The stadium hosted four games during the World Cup.

| Date | Time (UTC-04) | Team #1 | Result | Team #2 | Round | Attendance |
|---|---|---|---|---|---|---|
| June 14, 2014 | 18:00 | England | 1–2 | Italy | Group D | 39,800 |
| June 18, 2014 | 18:00 | Cameroon | 0–4 | Croatia | Group A | 39,982 |
| June 22, 2014 | 18:00 | United States | 2–2 | Portugal | Group G | 40,123 |
| June 25, 2014 | 16:00 | Honduras | 0–3 | Switzerland | Group E | 40,322 |

==Brazil national football team==

| Date | Time (UTC-04) | Team #1 | Result | Team #2 | Round | Attendance |
| September 5, 2016 | 20:45 | Brazil | 2–1 | Colombia | 2018 FIFA World Cup qualification | 36,609 |
| October 14, 2021 | 20:30 | 4–1 | Uruguay | 2022 FIFA World Cup qualification | 12,500 |

==Local engagement==
The Arena da Amazônia is a source of pride and identity for Manaus residents. The four matches in 2014 brought international attention and pride to the city of two million in the Rainforest. The stadium and its Amazon-inspired design was initially celebrated as a venue that could bring economic opportunities to the region. However, local engagement has been challenging since the 2014 FIFA World Cup due to the limited number of events that can consistently fill the 44,000-seat stadium. Though the stadium hosts regional soccer matches and concerts, it has struggled to become an active venue for the people of Manaus without a high level soccer team.

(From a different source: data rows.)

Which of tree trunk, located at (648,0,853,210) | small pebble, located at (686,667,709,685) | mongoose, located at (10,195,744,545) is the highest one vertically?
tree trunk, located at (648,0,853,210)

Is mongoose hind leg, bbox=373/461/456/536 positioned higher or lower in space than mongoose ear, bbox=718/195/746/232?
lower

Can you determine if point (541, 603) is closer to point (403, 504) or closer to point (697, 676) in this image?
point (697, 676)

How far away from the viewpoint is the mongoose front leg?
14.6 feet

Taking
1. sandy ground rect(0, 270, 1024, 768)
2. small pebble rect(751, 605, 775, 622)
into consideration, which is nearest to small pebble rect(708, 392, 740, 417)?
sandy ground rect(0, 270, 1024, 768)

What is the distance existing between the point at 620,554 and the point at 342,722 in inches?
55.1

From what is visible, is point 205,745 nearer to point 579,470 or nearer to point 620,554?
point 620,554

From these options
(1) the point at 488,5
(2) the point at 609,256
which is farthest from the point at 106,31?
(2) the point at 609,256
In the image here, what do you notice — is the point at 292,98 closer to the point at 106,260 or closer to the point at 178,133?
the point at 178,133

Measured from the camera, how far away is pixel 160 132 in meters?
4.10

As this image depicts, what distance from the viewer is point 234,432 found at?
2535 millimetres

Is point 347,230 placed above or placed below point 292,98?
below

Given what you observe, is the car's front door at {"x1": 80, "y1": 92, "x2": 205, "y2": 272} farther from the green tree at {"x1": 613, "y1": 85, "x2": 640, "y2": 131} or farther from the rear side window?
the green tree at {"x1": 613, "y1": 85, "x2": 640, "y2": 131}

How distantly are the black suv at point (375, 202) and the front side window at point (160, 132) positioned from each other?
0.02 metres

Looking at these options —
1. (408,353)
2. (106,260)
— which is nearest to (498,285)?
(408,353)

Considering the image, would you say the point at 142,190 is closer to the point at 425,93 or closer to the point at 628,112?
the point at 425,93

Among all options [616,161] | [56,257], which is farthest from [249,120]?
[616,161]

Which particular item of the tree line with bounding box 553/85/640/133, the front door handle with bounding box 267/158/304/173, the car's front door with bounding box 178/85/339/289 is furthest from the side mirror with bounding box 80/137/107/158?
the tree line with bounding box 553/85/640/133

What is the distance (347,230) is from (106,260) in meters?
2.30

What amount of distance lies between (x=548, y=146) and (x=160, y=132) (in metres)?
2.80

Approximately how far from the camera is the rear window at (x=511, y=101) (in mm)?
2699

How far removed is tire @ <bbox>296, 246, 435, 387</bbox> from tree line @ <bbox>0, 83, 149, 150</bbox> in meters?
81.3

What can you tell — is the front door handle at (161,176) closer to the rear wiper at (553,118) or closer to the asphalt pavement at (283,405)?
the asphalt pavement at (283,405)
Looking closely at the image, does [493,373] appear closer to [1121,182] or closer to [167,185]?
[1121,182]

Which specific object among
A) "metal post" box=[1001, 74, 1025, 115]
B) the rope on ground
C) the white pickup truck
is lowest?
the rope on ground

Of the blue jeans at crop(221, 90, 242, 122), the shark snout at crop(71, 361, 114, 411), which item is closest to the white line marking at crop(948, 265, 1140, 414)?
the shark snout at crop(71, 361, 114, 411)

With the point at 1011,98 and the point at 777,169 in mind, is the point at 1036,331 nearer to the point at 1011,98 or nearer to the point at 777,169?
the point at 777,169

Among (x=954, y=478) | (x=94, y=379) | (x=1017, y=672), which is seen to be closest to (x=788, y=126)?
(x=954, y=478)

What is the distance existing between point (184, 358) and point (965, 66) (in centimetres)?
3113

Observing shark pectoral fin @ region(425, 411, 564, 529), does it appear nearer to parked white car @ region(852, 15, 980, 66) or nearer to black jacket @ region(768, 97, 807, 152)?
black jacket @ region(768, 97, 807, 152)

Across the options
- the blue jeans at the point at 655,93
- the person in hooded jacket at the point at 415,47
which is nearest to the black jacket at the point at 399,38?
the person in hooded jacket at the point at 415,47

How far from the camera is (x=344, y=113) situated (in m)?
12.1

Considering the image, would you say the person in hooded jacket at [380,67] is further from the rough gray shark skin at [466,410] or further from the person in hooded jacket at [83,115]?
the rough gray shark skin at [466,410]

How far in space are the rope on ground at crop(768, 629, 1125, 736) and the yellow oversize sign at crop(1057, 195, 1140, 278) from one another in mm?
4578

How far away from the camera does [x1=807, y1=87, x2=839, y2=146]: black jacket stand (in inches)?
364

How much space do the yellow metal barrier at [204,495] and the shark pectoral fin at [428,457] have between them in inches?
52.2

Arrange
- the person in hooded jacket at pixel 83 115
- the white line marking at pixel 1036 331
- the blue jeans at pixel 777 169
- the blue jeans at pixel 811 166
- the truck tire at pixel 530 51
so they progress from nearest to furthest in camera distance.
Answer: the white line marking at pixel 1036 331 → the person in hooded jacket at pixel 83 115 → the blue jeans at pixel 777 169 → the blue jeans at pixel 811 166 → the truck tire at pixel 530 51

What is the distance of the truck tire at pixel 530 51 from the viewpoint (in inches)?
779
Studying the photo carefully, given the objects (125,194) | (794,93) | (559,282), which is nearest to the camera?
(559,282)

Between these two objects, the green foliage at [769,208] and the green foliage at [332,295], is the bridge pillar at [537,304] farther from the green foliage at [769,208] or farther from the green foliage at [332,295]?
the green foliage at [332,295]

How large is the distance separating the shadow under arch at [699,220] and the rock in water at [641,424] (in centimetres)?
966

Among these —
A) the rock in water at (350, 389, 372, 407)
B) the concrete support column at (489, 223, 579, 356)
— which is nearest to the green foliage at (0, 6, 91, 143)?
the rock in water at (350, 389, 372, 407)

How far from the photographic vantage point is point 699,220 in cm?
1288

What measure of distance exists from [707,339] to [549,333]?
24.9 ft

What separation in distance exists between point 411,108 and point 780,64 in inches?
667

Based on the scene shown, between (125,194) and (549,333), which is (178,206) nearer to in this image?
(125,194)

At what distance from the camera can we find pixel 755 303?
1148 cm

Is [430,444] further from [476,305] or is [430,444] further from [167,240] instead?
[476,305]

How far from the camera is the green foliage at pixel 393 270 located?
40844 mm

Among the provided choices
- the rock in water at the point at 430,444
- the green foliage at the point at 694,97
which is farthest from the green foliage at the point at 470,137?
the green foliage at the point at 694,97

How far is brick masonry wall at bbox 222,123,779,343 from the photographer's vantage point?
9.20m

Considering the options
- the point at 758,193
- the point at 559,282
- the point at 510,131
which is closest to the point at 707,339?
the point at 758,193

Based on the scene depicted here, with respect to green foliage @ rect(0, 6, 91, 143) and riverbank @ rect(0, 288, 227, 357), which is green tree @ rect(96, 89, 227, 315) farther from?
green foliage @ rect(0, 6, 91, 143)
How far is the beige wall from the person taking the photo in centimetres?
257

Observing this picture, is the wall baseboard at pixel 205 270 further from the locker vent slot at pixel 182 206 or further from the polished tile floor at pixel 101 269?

The stadium does not have consistent events that were expected for a major urban stadium, but has retained some relevance within the community. The stadium has helped Manaus through community initiatives such as hosting cultural festivals. These alternative uses have redefined the stadium’s role in the community, allowing it to be a multipurpose public space rather than solely a sports venue.
==Economic impact==
The substantial investment in the stadium without a long-term agenda frustrated many locals who believed the resources could have been used on healthcare, education, and infrastructure in Manaus. The large investment in the stadium, around $300 million, left resentment among many residents who felt the funds could have been more meaningfully used on local priorities. The allocation of resources away from socioeconomic challenges was viewed by locals as trying to appeal to international spectators rather than address the needs of the Manaus community. The stadium’s construction and limited use after the World Cup is viewed as a symbol of misplaced priorities and feel disconnected from the project.

The construction of the Arena da Amazônia did come with urban planning initiatives in Manaus, mainly to assist visitors for the 2014 World Cup. Eduardo Gomes International Airport was a primary focus of the upgrades to increase its capacity and improve its facilities. Transportation to the stadium was improved by expanding key roads and upgrading transportation infrastructure around the area. Despite the improvements to transportation infrastructure, they were mostly limited to the stadium area instead of general transit for the public.

The focus of government funds on the stadium over public needs left residents feeling that the project did not help their quality of life or access to services. In 2014, the stadium brought attention to Manaus on an international scale, but it has struggled to integrate into the local economy in a sustainable way. High costs of maintenance and limited demand has restricted its ability for economic value. Infrastructure improvements at the airport and around the stadium have had some benefits, but were not enough to significantly improve the city’s transit or public services in the long term.